Detaylar haberimizde…
Yapay zeka ve grafik işlemci devi Nvidia‘nın her yıl düzenlediği ve sektörde “AI Woodstock” olarak anılan prestijli GTC (GPU Technology Conference) geliştiricileri konferansı, bu yıl Disney’in sevimli ve son teknoloji ürünü droidlerine ev sahipliği yaparak teknoloji ve eğlence dünyasını bir araya getirdi.

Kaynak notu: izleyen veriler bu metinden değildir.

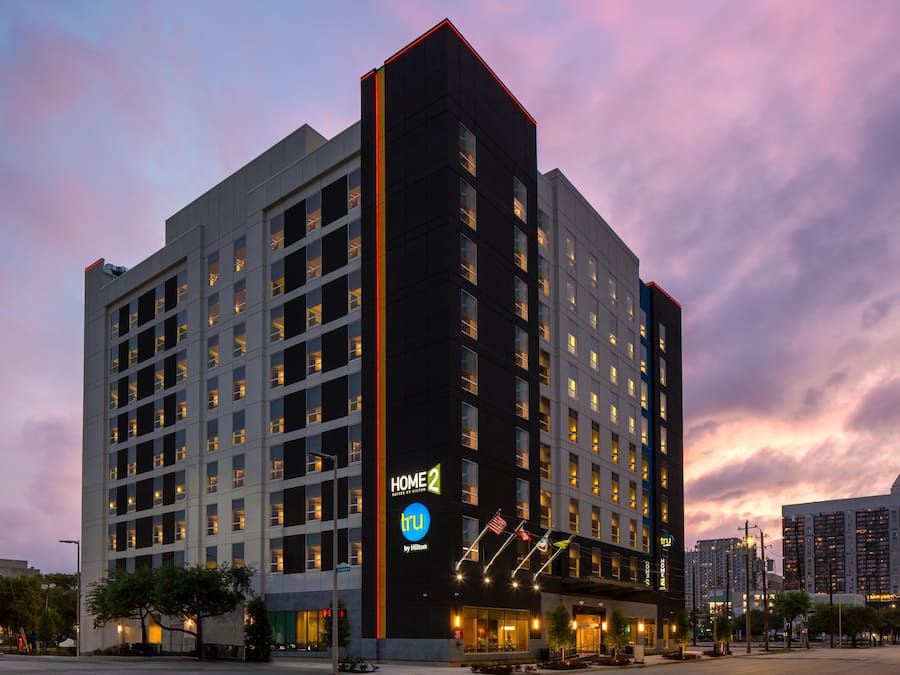 Um hotel de vários andares com uma placa de destaque 'HOME 2', design arquitetônico moderno e fachada bem iluminada.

Nvidia CEO’su Jensen Huang’dan Sürpriz Konuk: Robot Droid Besh Sahneye Çıktı
Nvidia’nın karizmatik İcra Kurulu Başkanı Jensen Huang‘ın Salı günü gerçekleştirdiği ve merakla beklenen iki saatlik açılış konuşması, katılımcılara unutulmaz anlar yaşattı. Huang, yapay zeka, derin öğrenme ve robotik alanındaki en son yenilikleri aktarırken, sahneye davet ettiği sürpriz bir konukla dikkatleri üzerine çekti.
Huang’ın “Ne kadar zekisin bak,” diyerek etkileşim kurduğu minik droid Besh’in sevimli ve canlı hareketleri, arenayı dolduran binlerce teknoloji meraklısının ve “Yıldız Savaşları” hayranının büyük beğenisini topladı.
Besh’in yavru köpek gibi neşeyle zıplaması ve Huang’ın komutlarına verdiği akıllıca tepkiler, yapay zeka ve robotik teknolojisinin geldiği etkileyici noktayı gözler önüne serdi. Katılımcılar, bu sevimli teknoloji harikasının fotoğraflarını çekmek için telefonlarına sarılarak etkinliğin en çok konuşulan anlarından birini kaydetti.

Disney’in İnovasyon Harikası: “Yıldız Savaşları” Droidleri Gerçek Hayatta
Walt Disney Imagineering Araştırma ve Geliştirme’nin yaratıcılığı ve mühendislik dehasıyla hayata geçirdiği Besh, popüler “Yıldız Savaşları” video oyunundaki ikonik karakterlerden esinlenerek tasarlandı. Bu proje, Disney’in eğlence sektöründeki liderliğini teknoloji alanındaki yenilikçi çalışmalarıyla birleştirerek sınırları zorladığını bir kez daha kanıtladı.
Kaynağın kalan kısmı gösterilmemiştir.